The sched module implements a generic event scheduler for running tasks at specific times.

Module: sched
Purpose: Generic event scheduler.
Python Version: 1.4

Description:

The scheduler class uses a generic interface to schedule events. It uses a time function to learn the current time, and a delay function to wait for a specific period of time. The actual units of time are not important, which makes the interface flexible enough to be used for many purposes.

The time function is called without any arguments, and should return a number representing the current time. The delay function is called with a single integer argument, using the same scale as the time function, and should wait that many time units before returning. For example, the time.time() and time.sleep() functions meet these requirements.

To support multi-threaded applications, the delay function is called with argument 0 after each event is generated, to ensure that other threads also have a chance to run.

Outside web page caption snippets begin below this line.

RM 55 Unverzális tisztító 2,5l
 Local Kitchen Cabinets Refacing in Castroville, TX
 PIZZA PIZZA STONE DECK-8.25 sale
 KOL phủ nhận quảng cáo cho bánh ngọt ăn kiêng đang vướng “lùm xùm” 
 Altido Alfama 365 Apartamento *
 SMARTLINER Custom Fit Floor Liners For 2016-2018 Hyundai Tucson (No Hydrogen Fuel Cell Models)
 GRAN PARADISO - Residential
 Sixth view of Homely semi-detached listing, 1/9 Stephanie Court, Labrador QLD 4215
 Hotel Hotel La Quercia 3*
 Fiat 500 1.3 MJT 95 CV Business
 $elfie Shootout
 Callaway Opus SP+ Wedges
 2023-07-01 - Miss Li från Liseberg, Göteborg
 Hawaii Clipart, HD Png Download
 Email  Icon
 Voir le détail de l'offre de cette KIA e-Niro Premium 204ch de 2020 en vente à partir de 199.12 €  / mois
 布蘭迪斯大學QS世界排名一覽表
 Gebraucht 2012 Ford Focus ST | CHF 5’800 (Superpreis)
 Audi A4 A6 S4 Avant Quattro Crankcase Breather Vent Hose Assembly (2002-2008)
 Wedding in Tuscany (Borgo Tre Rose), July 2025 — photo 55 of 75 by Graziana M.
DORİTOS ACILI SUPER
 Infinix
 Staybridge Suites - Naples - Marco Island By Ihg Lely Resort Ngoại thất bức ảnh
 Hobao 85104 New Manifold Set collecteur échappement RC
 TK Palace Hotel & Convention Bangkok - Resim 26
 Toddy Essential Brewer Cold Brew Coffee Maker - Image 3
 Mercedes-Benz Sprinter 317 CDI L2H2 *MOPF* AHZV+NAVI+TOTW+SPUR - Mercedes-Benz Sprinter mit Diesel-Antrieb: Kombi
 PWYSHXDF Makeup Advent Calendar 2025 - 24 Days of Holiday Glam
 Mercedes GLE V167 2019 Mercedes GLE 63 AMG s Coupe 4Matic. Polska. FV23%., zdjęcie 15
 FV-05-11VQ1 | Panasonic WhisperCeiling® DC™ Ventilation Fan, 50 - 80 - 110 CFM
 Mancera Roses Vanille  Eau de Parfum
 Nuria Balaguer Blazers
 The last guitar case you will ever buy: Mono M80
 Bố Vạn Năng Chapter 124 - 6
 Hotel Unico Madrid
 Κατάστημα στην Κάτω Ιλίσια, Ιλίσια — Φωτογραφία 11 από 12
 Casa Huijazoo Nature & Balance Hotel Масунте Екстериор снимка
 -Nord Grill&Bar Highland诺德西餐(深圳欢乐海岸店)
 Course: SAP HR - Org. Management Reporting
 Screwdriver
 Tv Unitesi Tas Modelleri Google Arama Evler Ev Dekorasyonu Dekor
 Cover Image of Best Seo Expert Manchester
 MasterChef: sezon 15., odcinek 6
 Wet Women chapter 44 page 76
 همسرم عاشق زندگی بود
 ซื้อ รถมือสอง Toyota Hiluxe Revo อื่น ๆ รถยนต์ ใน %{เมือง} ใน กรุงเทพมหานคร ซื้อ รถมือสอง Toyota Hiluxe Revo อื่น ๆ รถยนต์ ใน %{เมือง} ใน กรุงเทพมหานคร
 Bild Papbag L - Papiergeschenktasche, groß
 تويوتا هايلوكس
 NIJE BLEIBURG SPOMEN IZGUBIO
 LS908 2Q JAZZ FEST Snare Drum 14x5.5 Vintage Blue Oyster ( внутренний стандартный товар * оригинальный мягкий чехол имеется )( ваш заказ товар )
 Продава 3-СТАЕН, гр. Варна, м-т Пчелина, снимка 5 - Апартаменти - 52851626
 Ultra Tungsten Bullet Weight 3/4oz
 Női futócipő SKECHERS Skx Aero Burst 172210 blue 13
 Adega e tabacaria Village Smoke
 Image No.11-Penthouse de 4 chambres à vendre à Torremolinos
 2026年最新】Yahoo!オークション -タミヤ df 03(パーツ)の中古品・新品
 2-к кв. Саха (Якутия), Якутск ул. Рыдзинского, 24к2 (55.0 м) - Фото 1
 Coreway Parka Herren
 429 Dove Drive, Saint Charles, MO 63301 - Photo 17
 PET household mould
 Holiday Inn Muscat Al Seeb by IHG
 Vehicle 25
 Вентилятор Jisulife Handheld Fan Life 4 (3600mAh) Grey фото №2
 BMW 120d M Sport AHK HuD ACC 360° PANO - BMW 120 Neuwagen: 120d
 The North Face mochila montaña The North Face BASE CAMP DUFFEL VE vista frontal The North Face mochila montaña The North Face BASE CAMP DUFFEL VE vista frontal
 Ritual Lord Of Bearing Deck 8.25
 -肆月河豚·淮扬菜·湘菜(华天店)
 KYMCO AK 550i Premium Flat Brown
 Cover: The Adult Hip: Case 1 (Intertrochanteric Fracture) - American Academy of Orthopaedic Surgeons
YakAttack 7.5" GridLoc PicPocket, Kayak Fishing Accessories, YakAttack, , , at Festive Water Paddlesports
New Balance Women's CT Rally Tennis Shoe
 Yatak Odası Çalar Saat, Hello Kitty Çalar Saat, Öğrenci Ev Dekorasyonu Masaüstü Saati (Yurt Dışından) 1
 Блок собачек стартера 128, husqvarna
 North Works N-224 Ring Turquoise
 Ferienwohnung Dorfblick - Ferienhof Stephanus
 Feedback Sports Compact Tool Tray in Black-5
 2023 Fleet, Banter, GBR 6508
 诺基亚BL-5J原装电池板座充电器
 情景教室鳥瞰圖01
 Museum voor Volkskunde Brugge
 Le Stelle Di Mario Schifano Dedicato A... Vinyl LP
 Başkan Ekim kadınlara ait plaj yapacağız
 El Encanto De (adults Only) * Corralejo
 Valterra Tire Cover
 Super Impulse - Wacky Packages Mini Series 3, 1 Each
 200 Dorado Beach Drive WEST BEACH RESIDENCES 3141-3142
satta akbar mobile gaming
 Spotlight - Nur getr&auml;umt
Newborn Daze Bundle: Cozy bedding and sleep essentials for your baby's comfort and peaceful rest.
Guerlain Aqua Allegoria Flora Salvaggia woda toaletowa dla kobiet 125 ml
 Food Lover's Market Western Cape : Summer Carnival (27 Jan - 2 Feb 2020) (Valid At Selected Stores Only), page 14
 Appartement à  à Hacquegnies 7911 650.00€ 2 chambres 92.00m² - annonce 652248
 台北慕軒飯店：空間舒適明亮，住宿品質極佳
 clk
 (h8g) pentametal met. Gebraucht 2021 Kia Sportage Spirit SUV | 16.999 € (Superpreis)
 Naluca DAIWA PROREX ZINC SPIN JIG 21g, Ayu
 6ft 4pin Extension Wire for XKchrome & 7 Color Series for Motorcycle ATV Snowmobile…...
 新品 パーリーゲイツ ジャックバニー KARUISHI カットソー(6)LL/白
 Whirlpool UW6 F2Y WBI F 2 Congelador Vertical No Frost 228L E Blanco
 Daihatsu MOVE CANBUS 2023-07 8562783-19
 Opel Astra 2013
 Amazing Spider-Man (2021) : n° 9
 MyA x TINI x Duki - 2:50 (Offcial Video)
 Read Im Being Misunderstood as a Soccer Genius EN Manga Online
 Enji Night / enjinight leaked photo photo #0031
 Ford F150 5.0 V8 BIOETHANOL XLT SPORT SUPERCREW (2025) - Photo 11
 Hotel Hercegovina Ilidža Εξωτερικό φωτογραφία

Running Events With a Delay:

Events can be scheduled to run after a delay, or at a specific time. To schedule them with a delay, use the enter() method, which takes 4 arguments:

• A number representing the delay
• A priority value
• The function to call
• A tuple of arguments for the function

This example schedules 2 different events to run after 2 and 3 seconds respectively. When the event's time comes up, print_event() is called and prints the current time and the name argument passed to the event.

import sched
import time

scheduler = sched.scheduler(time.time, time.sleep)

def print_event(name):
    print 'EVENT:', time.time(), name

print 'START:', time.time()
scheduler.enter(2, 1, print_event, ('first',))
scheduler.enter(3, 1, print_event, ('second',))

scheduler.run()

The output will look something like this:

$ python sched_basic.py
START: 1190727943.36
EVENT: 1190727945.36 first
EVENT: 1190727946.36 second

The time printed for the first event is 2 seconds after start, and the time for the second event is 3 seconds after start.

Overlapping Events:

The call to run() blocks until all of the events have been processed. Each event is run in the same thread, so if an event takes longer to run than the delay between events, there will be overlap. The overlap is resolved by postponing the later event. No events are lost, but some events may be called later than they were scheduled. In the next example, long_event() sleeps but it could just as easily delay by performing a long calculation or by blocking on I/O.

import sched
import time

scheduler = sched.scheduler(time.time, time.sleep)

def long_event(name):
    print 'BEGIN EVENT :', time.time(), name
    time.sleep(2)
    print 'FINISH EVENT:', time.time(), name

print 'START:', time.time()
scheduler.enter(2, 1, long_event, ('first',))
scheduler.enter(3, 1, long_event, ('second',))

scheduler.run()

The result is the second event is run immediately after the first finishes, since the first event took long enough to push the clock past the desired start time of the second event.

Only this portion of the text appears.